Wie können wir richtig leben – und gut? Zu einer Beschreibung aktueller Apokalypse. Von Rupert Neudeck

Ein Buch, das auf seine Art der Naomi Klein und ihrem richtungweisenden Buch Konkurrenz machen könnte, wenn der Verlag eine ähnliche großkotzige Werbekampagne führen würde. John Urry hat das alles aufgelistet, was an Größenwahn in dieser Welt mit Geld, mit Steuervermeidung, mit Offshoreinseln, mit Geo Engeneering zutage tritt. Grenzenloser Profit heißt eben auch größerer Profit. Die alten bewährten Strukturen von heimatlichen Gefilden, in denen man das aß, was der Boden in der Heimat hergab und sich wohlfühlte, wo man nicht andauernd zu den Ferieninseln Europas fliegen musste, um dann erschöpft von den Fluganstrengungen wieder an seine Arbeit zu gehen.

Das Buch ist der Anti-Naomi Klein nicht im Sinne von Gegen sondern von Ergänzung. Wer es kürzer haben will, genauso spannend, aber eingezäunt in kürzere und schneller zu lesende Kapitel – wird zu diesem Buch greifen können. Das ganze Buch dreht sich um Offshoring, ein Begriff, den man kaum definieren kann, denn er steckt auf Grund der konstitutiven Geheimhaltung in allem drin, was auch ohne physische Gebäude und Territorien stattfinden kann. Das Konstituierende sind die Geheimnisse und das Prinzip der Geheimhaltung.

Das Buch geht aus von einer neuen Kampfansage, die selbstbewusst und ohne Zögern und damit fast sympathisch der Multimilliardär Warren Buffet gegeben hatte: Ja, sagte er, es gäbe einen Klassenkampf, „natürlich, und meine Klasse, die Reichen, die ihn führen, gewinnen ihn gerade.“ Zack, dass sitzt im Kopf aller Linken und Ökosozialisten und lässt sie nicht mehr schlafen. Aber gut wäre es, das mal zu analysieren, denn wahrscheinlich hat er ja Recht. Offshore Ableger besitzen ganz viele der großen börsennotierten Unternehmen. Wobei sich das Buch an diese kardinale Grundfrage, weshalb es diese Börsen überhaupt geben muss, die wir allabendlich imaginär oder wirklich in den Nachrichten sehen, die ich mir immer ansehe, als würde das Fernsehen eine Kuh mit drei Köpfen zeigen: ein Naturwunder.

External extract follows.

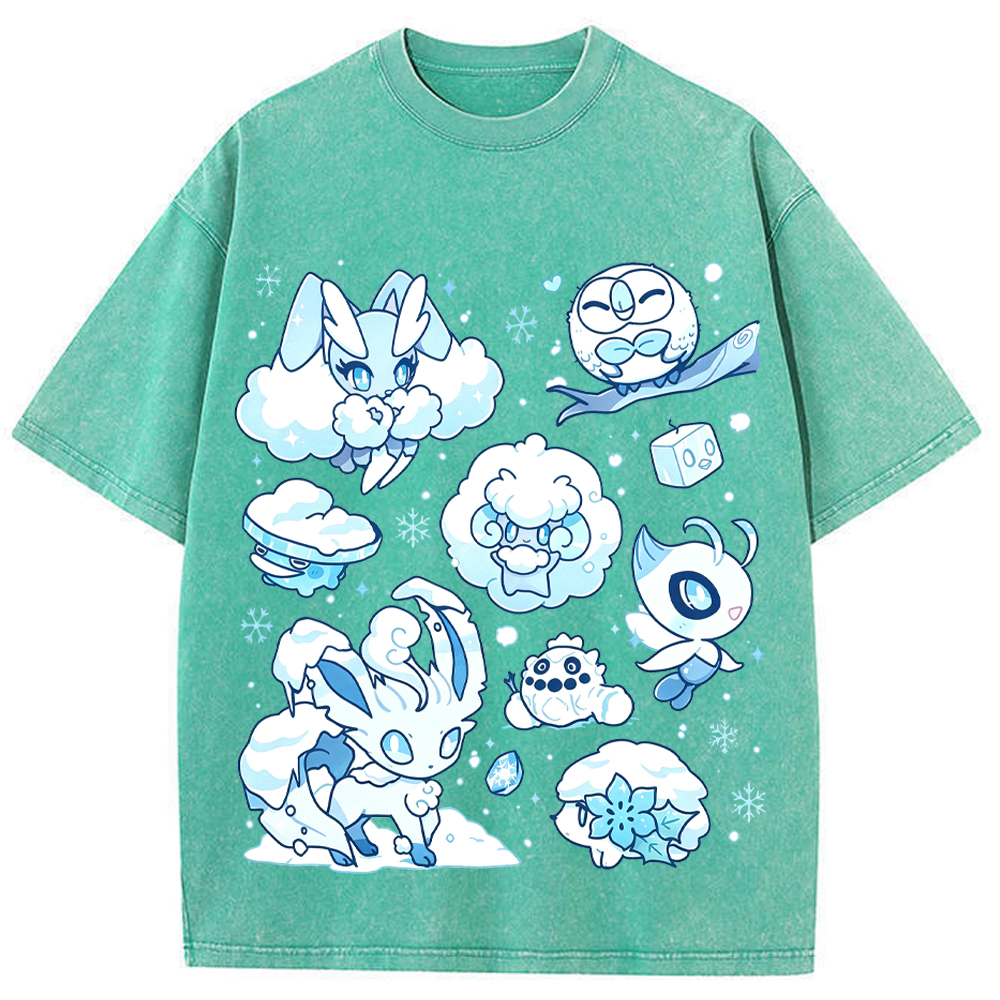 Winter Snow Pokemon Squad Cartoon Tee | Pokemon Anime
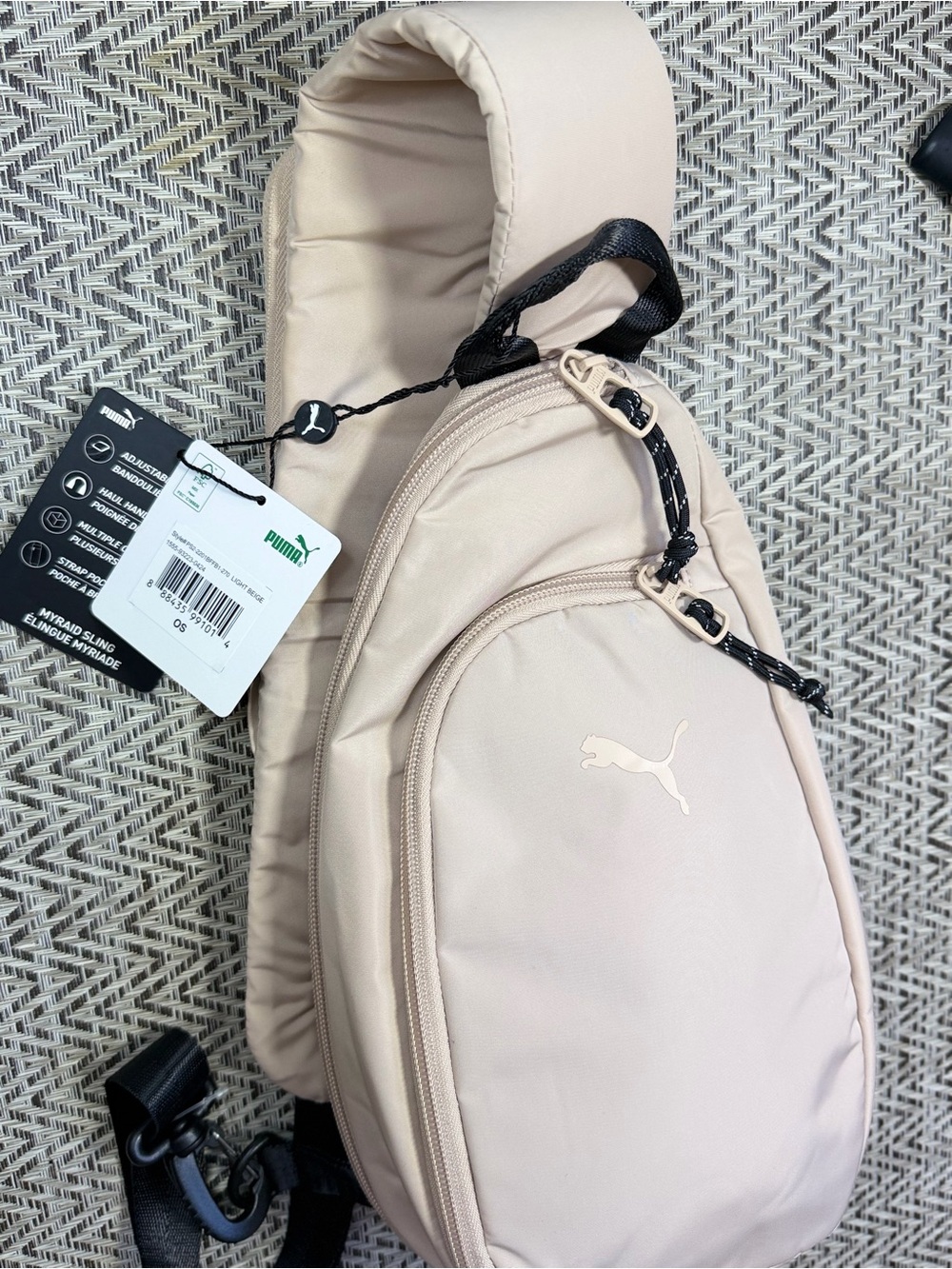PUMA Myriad Sling Bag Light Beige Crossbody Shoulder Backpack NWT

Das Buch macht die totale Ungleichgewichtigkeit des Marktes deutlich. Auch wenn wir alles auslagern, outsourcen, bleiben die Unternehmen königlich-britisch oder US-republikanische Besitz- und Management Titel. Der Autor zitiert die Firma Dyson, Weltmarktführer auf dem Feld innovativer Staubsauger. 2002 begann Dyson seine Produktion nach Malaysia zu verlagern, während das Management und die Forschungsabteilung natürlich im britischen Wiltshire blieben. Dyson verstehe sich weiter als britisches Unternehmen und wird von der britischen Regierung auch so behandelt.

So ähnlich zwei Kapitel weiter beim Thema Energie: Der Containerbetrieb von Gütern, die in offshore Bereichen hergestellt wurden, gehe mit einer weltweiten Umverteilung von CO2 Emissionen einher. So habe sich Großbritannien gerühmt, seine  CO2 Emissionen seit 1990 um 18 Prozent vermindert zu haben. Denn die Regierungsbehörde halte wie selbstverständlich daran fest, dass Emissionen aus der Herstellung von Gütern in China, die nach Großbritannien exportiert werden, China zugerechnet werden müssen und nicht Großbritannien. So wird dann mal eine neue quälende Formel gesucht und gefunden, die heißt „verbrauchsbezogene Emissionen“ statt „produktionsbezogene.“ Berücksichtige man nämlich die Importe, die Exporte und internationalen Transporte, so ergebe sich, dass die britischen Emissionen in diesem Zeitraum um 20 Prozent gestiegen sind.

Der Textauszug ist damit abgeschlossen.